Awesome

Scalable GNN training by graph summarization

This repository contains an implementation of the coarsening via convolution matching algorithm along with scripts for performing ablation studies and comparing the method to baselines. The motivation for this code is to experiment with the coarsening algorithm and demonstrate its utility for scalable graph neural network (GNN) training.

Requirements

The scripts were developed and ran with the following packages installed:

boto3==1.24.88
botocore==1.27.88
deeprobust==0.2.5
dgl==0.9.1
gensim==3.8.3
networkx==2.8.4
numpy==1.23
ogb==1.3.4
PyGSP==0.5.1
PyYAML==6.0
pandas==1.4.3
scikit-learn==1.1.1
scipy==1.8.1
sklearn==0.0
sortedcontainers==2.4.0
torch==1.12.1
torch-scatter==2.0.9
torch-sparse==0.6.15
torch-geometric==2.1.0
tqdm==4.64.0

The requirements are also specified in requirements.txt.

Usage

This repository is designed for experimenting with the coarsening via convolution matching algorithm and comparing its performance with baseline algorithms for scalable GNN training via graph summarization.

Experiment Scripts, Configurations, and Parameters

The ./Experiments directory contains the scripts and configuration files for running all the implemented graph summarization algorithms and GNN models on all the datasets.
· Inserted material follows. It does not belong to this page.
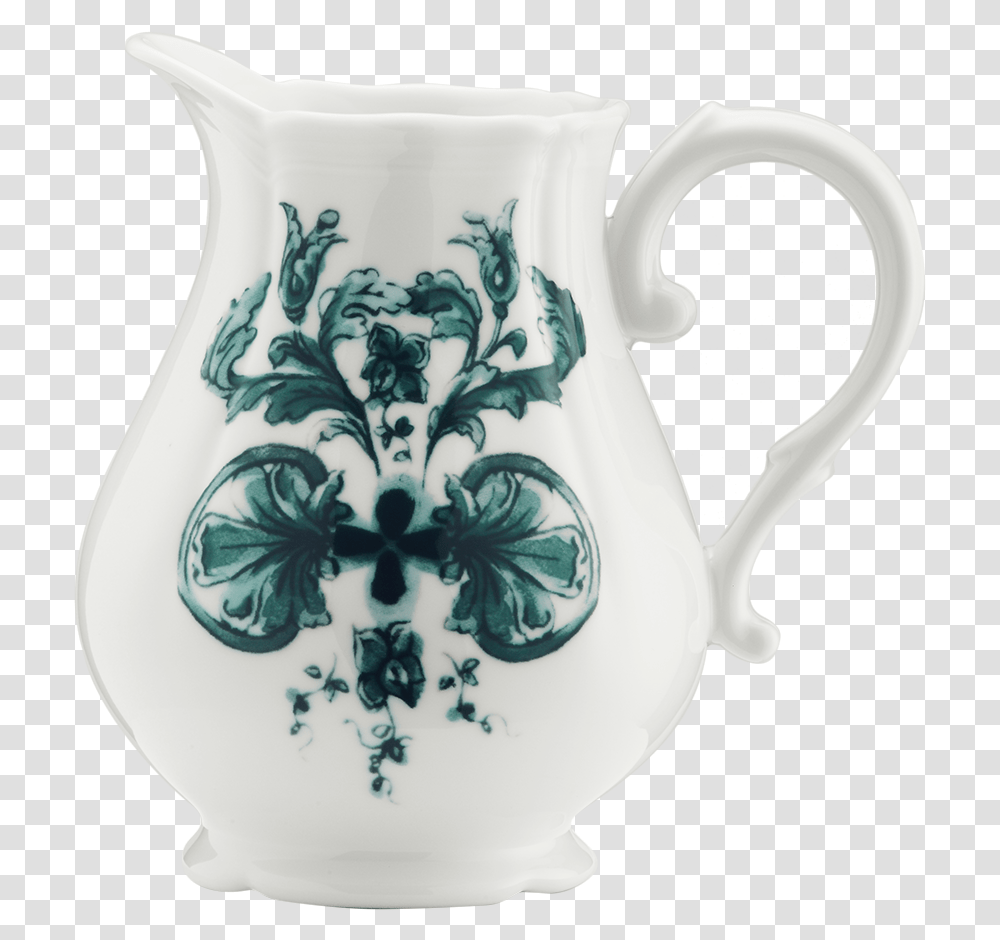 Richard Ginori Babele Green Milk Jug Ceramic, Water Jug, Porcelain, Art, Pottery Transparent Png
The code is structured such that experiments are categorized by the task the GNN is being trained for: node classification or link prediction.
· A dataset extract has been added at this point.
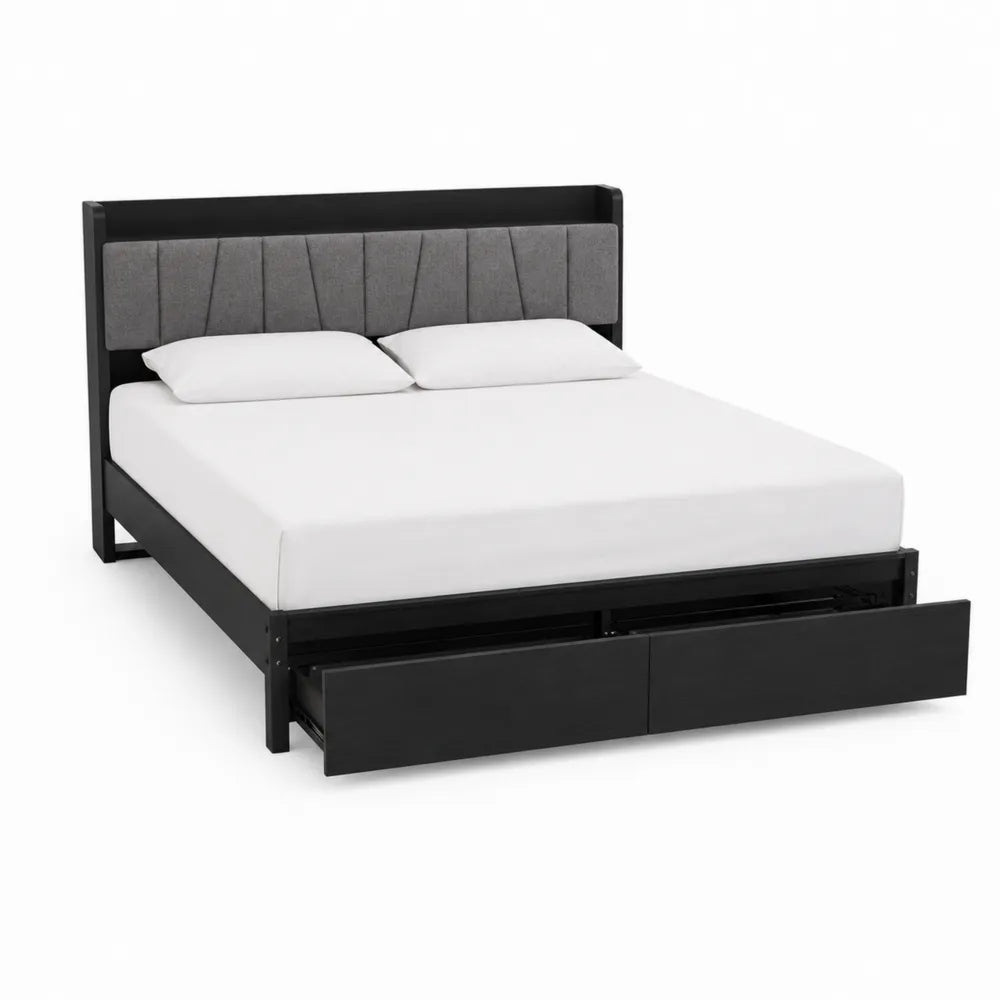 Doppelbett mit Polsterkopfteil und Schubladen Schwarz Holz 200x160 cm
The configuration file: ./Experiments/config/run_config.yaml is a .yaml formatted file for specifying the combination of graph summarization methods, GNNs, loss, and optimization method that will be iterated over by the experiment scripts. In this file, you may also specify the number of splits you wish to run and the location of the base output directory i.e., where results will be saved.

The parameters of the graph summarization algorithms, GNN models, and optimizer are specified in the ./Experiments/config/params.yaml file.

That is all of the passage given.